■ **TASK DESCRIPTION**
Wherever pictures occur in the entries below, leave them out and retype the rest exactly.

(Beginning of RAW DATA)

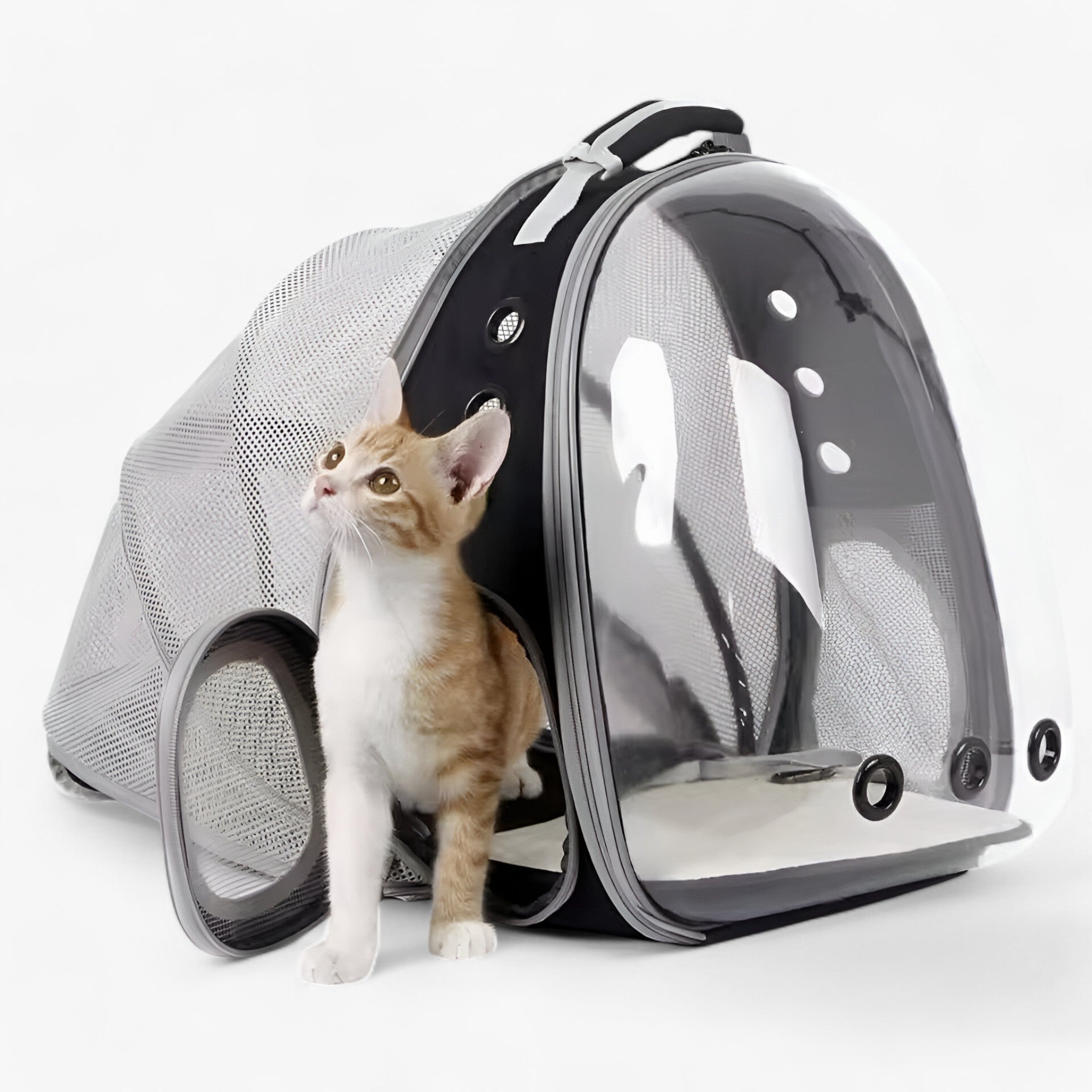 Luna | Grand Sac à Dos d'Astronaute pour Chats avec Fenêtre Bulle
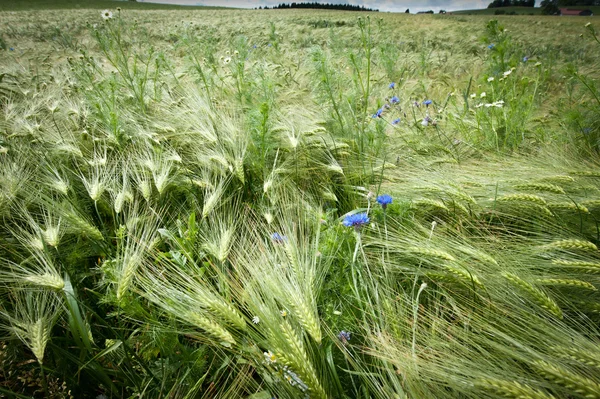 Ilkbaharda taze mısır tarlası — Stok fotoğraf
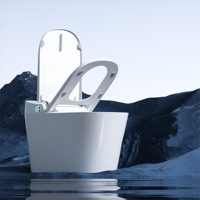 Inodoros inteligentes de cerámica para baño con asiento, luz nocturna LED y tanque oculto, de fabricación china.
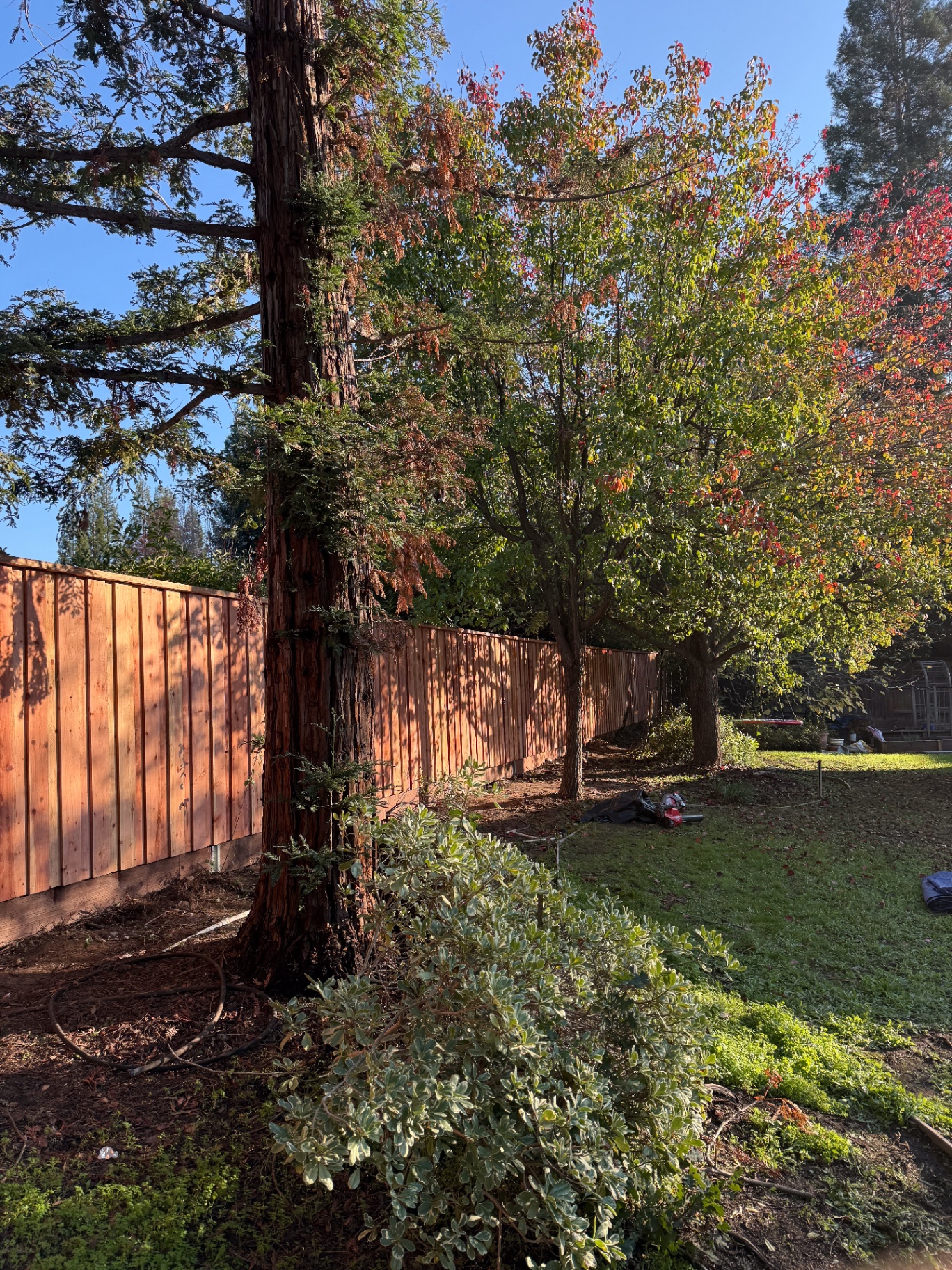 Good Wood Fence project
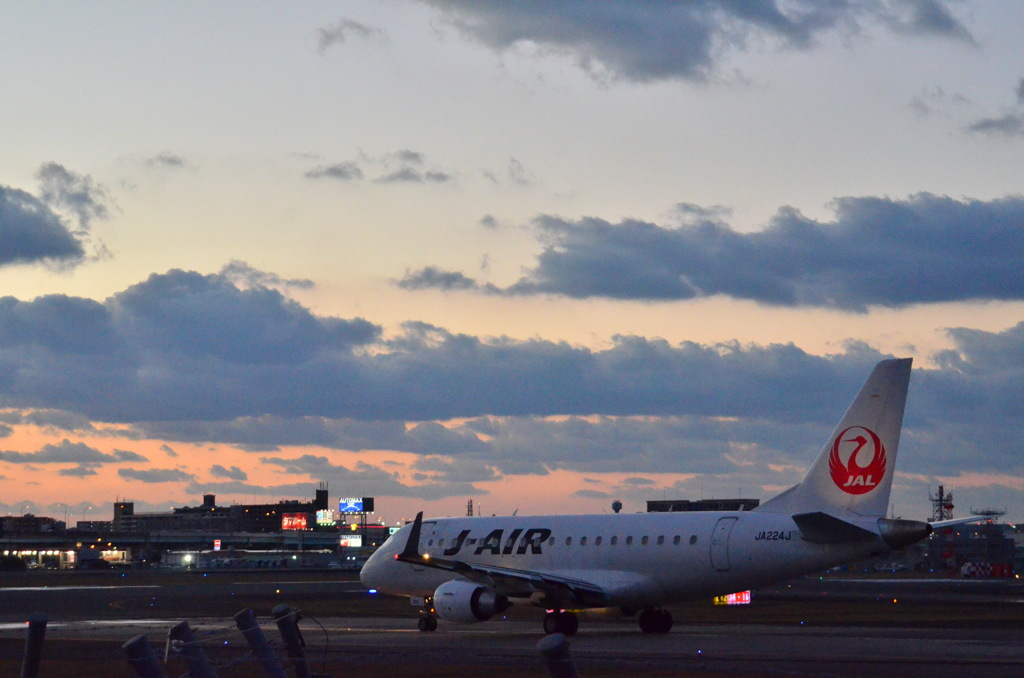 JAL 505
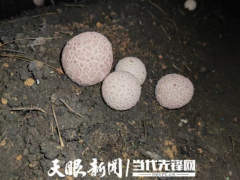 ManBetX体育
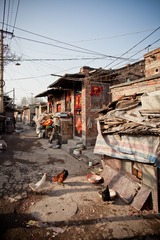 20130112-IMG_8305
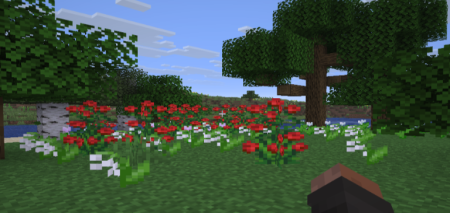 ������� Rescale Aspect Ratio ��� Minecraft 26.1.2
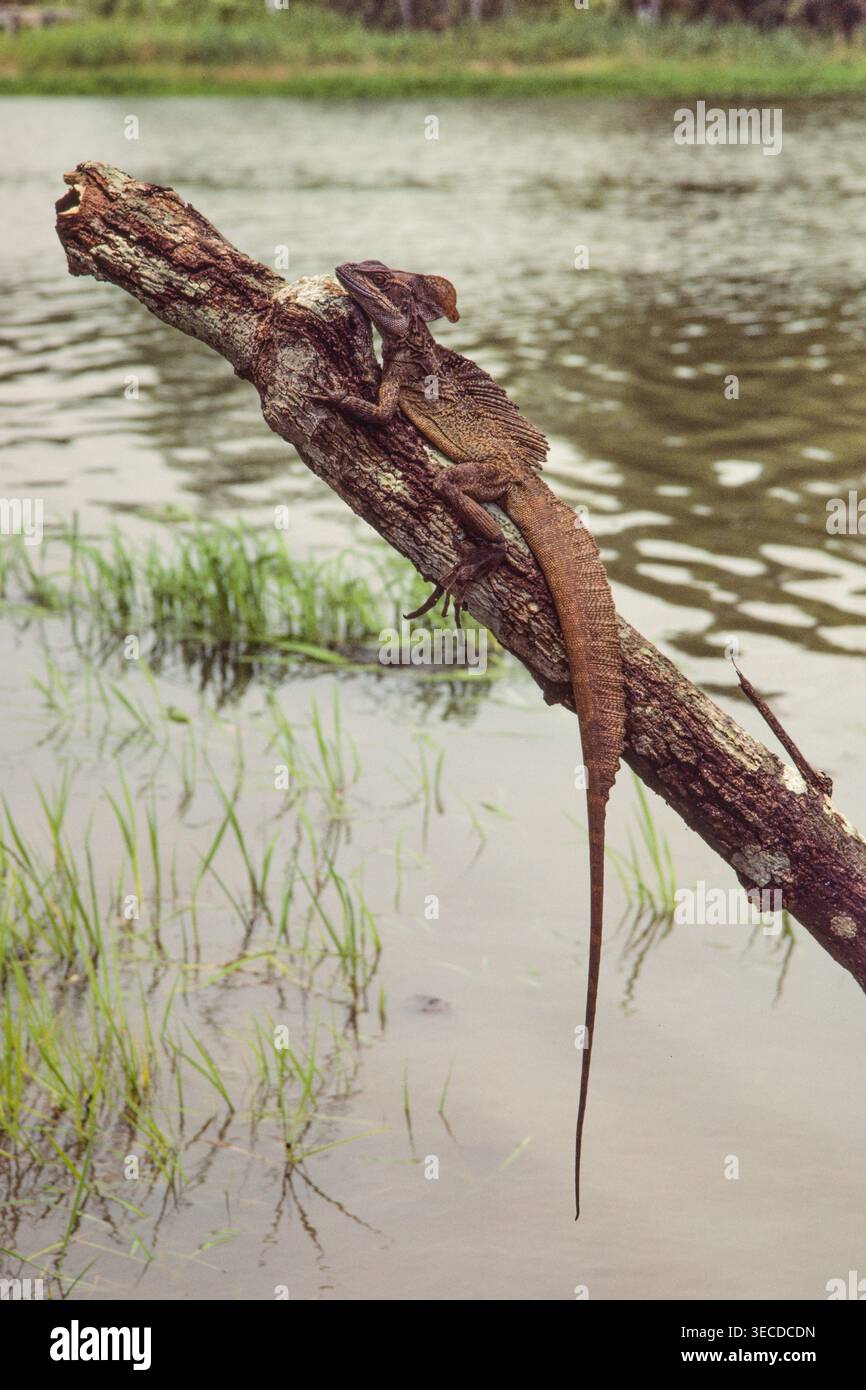 Ein männlicher gemeiner Basilisk, Basiliscus basiliscus, der auf einem Baumstamm in der Nähe des Wassers im Regenwald von Panama thront. Stockfoto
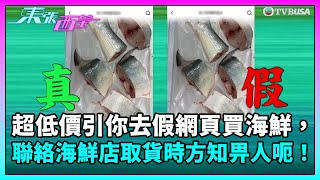 東張西望｜「超低價」引你去「假網頁」買海鮮，聯絡海鮮店取貨時方知畀人呃咗！｜TVBUSA｜民生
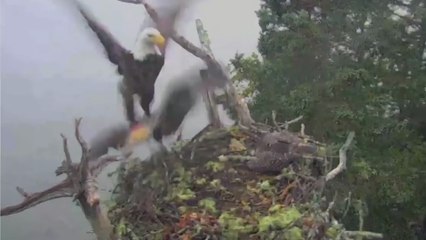 Un Pygargue attaque un nid de rapaces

(End of RAW DATA)

■ **SOLUTION TO THE EXERCISE**
 Luna | Grand Sac à Dos d'Astronaute pour Chats avec Fenêtre Bulle
 Ilkbaharda taze mısır tarlası — Stok fotoğraf
 Inodoros inteligentes de cerámica para baño con asiento, luz nocturna LED y tanque oculto, de fabricación china.
 Good Wood Fence project
 JAL 505
 ManBetX体育
 20130112-IMG_8305
 ������� Rescale Aspect Ratio ��� Minecraft 26.1.2
 Ein männlicher gemeiner Basilisk, Basiliscus basiliscus, der auf einem Baumstamm in der Nähe des Wassers im Regenwald von Panama thront. Stockfoto
 東張西望｜「超低價」引你去「假網頁」買海鮮，聯絡海鮮店取貨時方知畀人呃咗！｜TVBUSA｜民生
 Un Pygargue attaque un nid de rapaces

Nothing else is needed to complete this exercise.